Clean up those gutters

Between the buildup of dirt, debris, and falling leaves, it's almost too easy for your gutters, downspouts, and eavestroughs to become clogged. Blocked gutters can lead to damaged exteriors, rust and corrosion, and freezing and cracking when the snow starts to arrive. Fall is the perfect time to clean them before your roof becomes too slippery and mud starts to harden. If you want an easy tip, try using an old plastic spatula to clean the gutters. It avoids scratching, contours to the shape of the gutter and grime can wipe right off of it too! And while you're up there, take a look for any damaged shingles that you might need to replace.

Drain outdoor faucets

Close any shut-off valves and open your outside faucets to help drain the lines. This also goes for any hoses or sprinklers. If there is any water remaining in the lines, it can freeze, expand, and can even burst and cause serious damage. Depending on how much water was in the lines, you might not even notice until next spring. As for hoses, once drained you can curl them up and find a place to store them away such as the garage or shed.

Sweep the chimney

Even if you only use your fireplace occasionally, you should always check it annually for damage or potential hazards. Some things to look out for is buildup of creosote in the flume. What is creosote? It's a flammable by-product from burning wood. If it accumulates too much, it can lead to a devastating fire. If you shine a flashlight up your chimney and notice a build up of any deposits around 1/8 inch thick, you should call a chimney sweep and get it professionally cleaned. It's also always important to make sure there is no damage to the damper, flu, or chimney itself and to keep an eye out for blockage like bird's nests.
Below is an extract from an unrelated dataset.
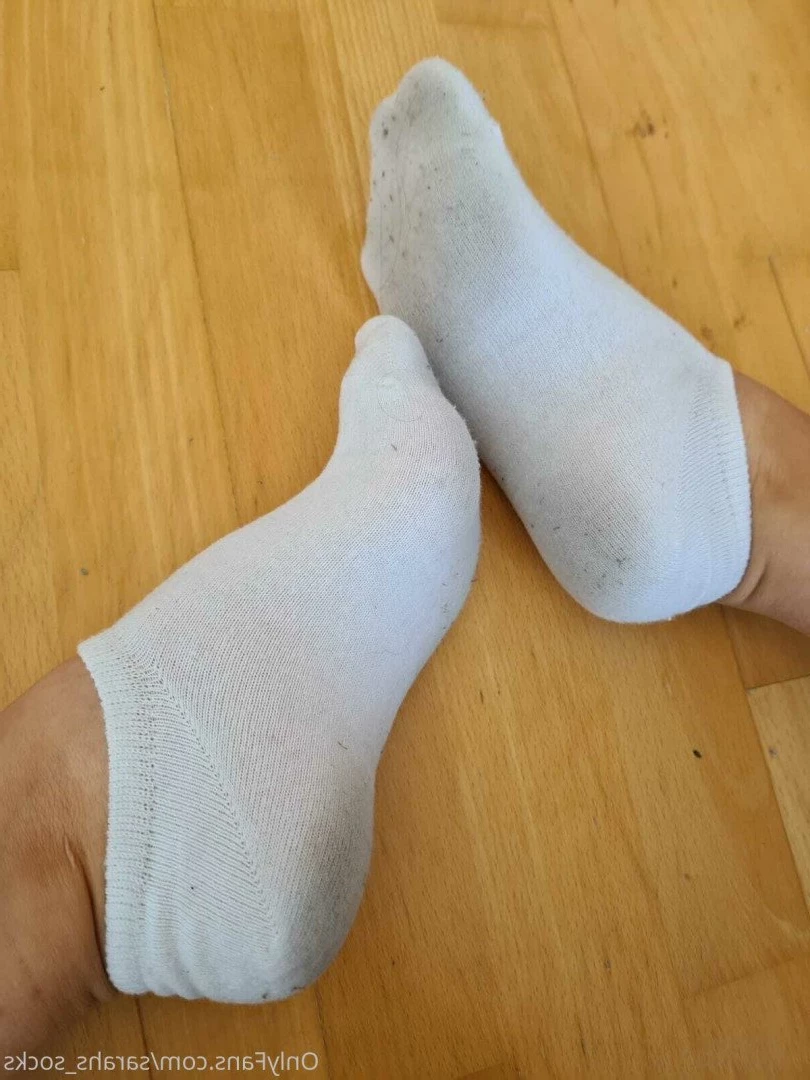 Sarahs_fetish_world [ sarahs_socks ] Onlyfans leaked photo 2863795 on Hotleaks.tv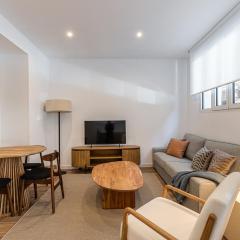 Waou Best V Madrid Rio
Change your furnace filter

Changing your furnace filter is one of the easiest things you can do to keep your furnace in good shape. The worst thing that can happen in winter is losing your furnace so keeping up with annual maintenance is always important. If you haven't changed it in a while, take a look at the current condition of the filter and see how dirty it is and if you need to be using a fresh one. A good rule of thumb is to change 1-2 inch filters every three months, 4 inch filters every six months and 5 inch filters every 12 months. And for aging furnaces, the average lifespan of a gas furnace is 15-20 years so always plan ahead especially before the seasons change.

Inspect the weather stripping and caulking

You might enjoy autumn breezes but maybe not as much if you are feeling them in your home. If you feel drafts around your doors or windows it could be a sign of old weather stripping or poor caulking. Weather stripping is adhesive-backed foam that typically lasts only about 1-3 years and saves you money by keeping warm air in, and cold air out. Not only will a better seal keep you and your family warm this season, it will also make a huge difference on your heating efficiency.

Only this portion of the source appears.